[Scraped caption text data]
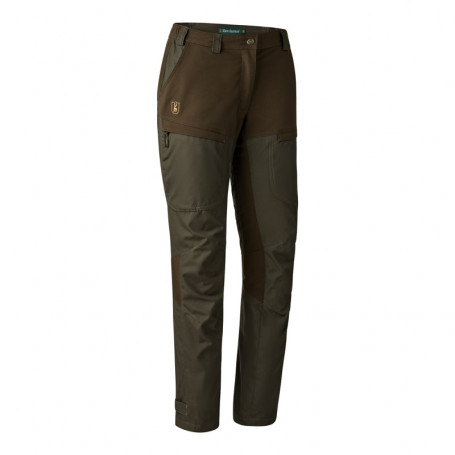 Pantalon Lady Ann avec Membrane Deerhunter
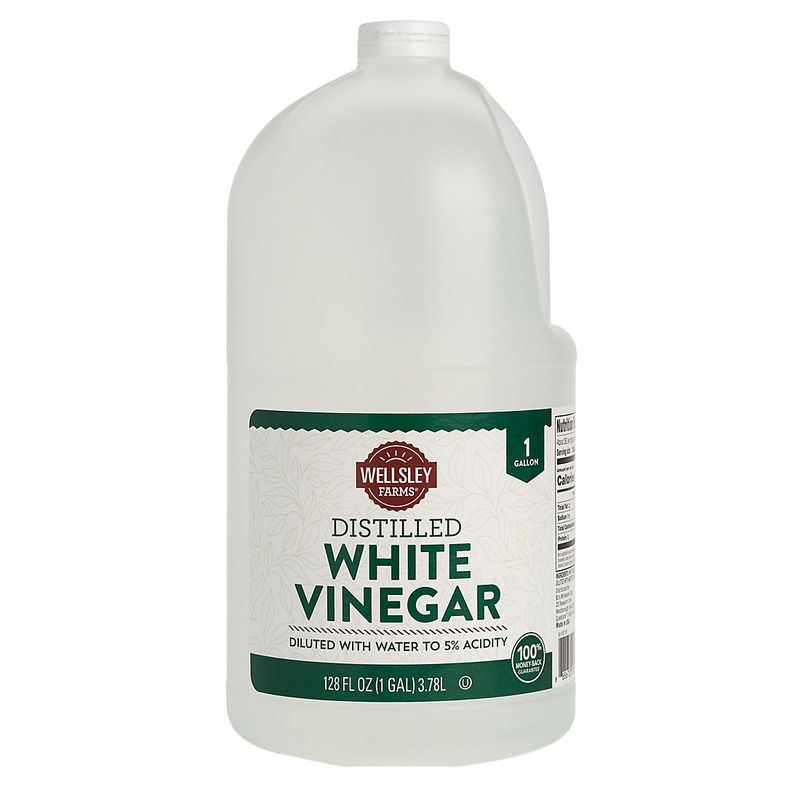 White Vinegar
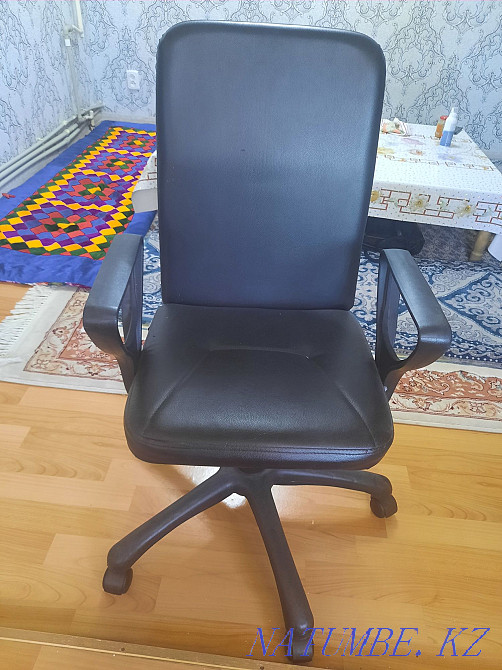 Armchair satylada zha?daya?  - photo 3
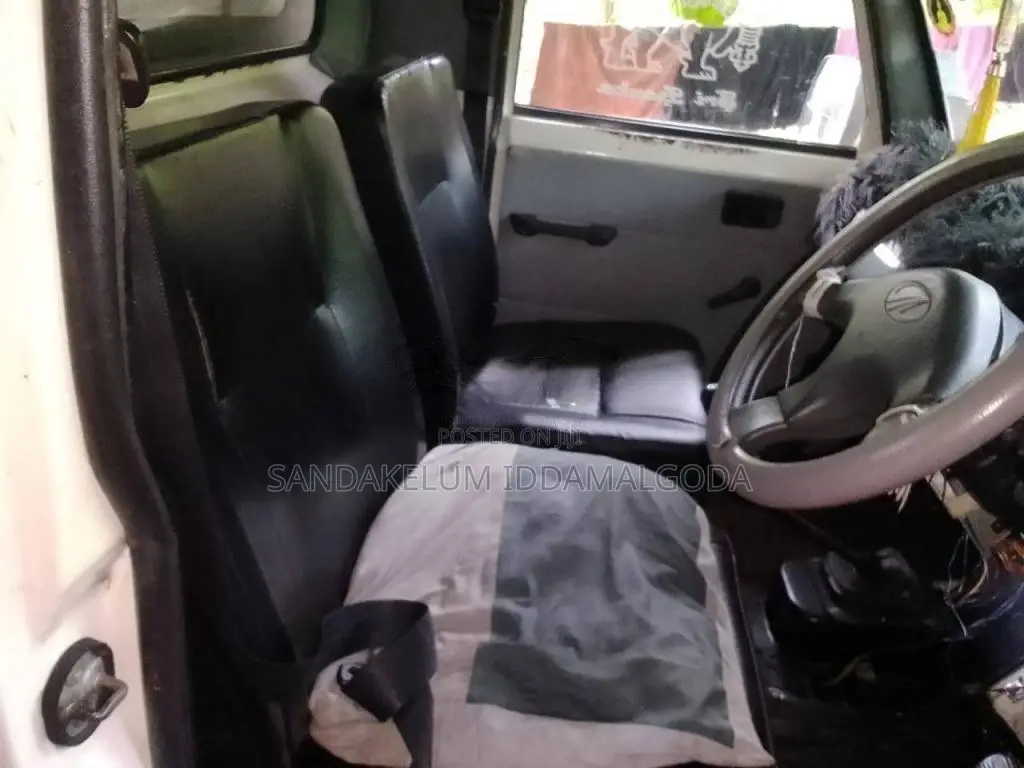 Mahindra Bolero 2015 Pickup (Used)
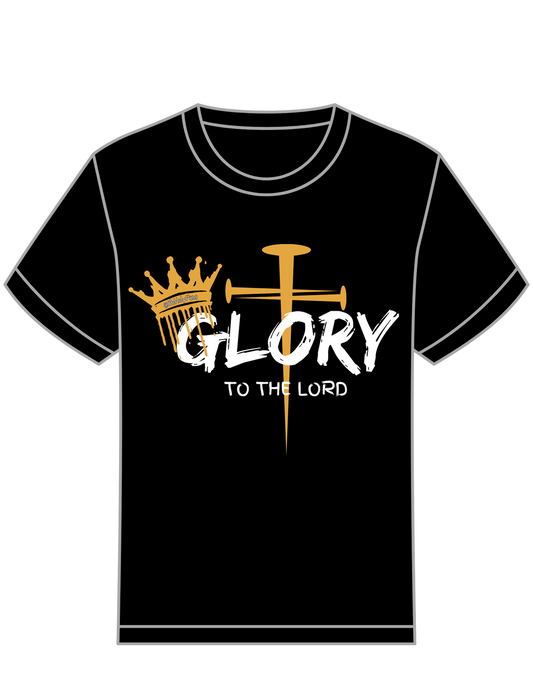 Glory to the Lord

» **Try it**: Every record must be copied exactly, with images dropped from the result.

» **Task response**:
 Pantalon Lady Ann avec Membrane Deerhunter
 White Vinegar
 Armchair satylada zha?daya?  - photo 3
 Mahindra Bolero 2015 Pickup (Used)
 Glory to the Lord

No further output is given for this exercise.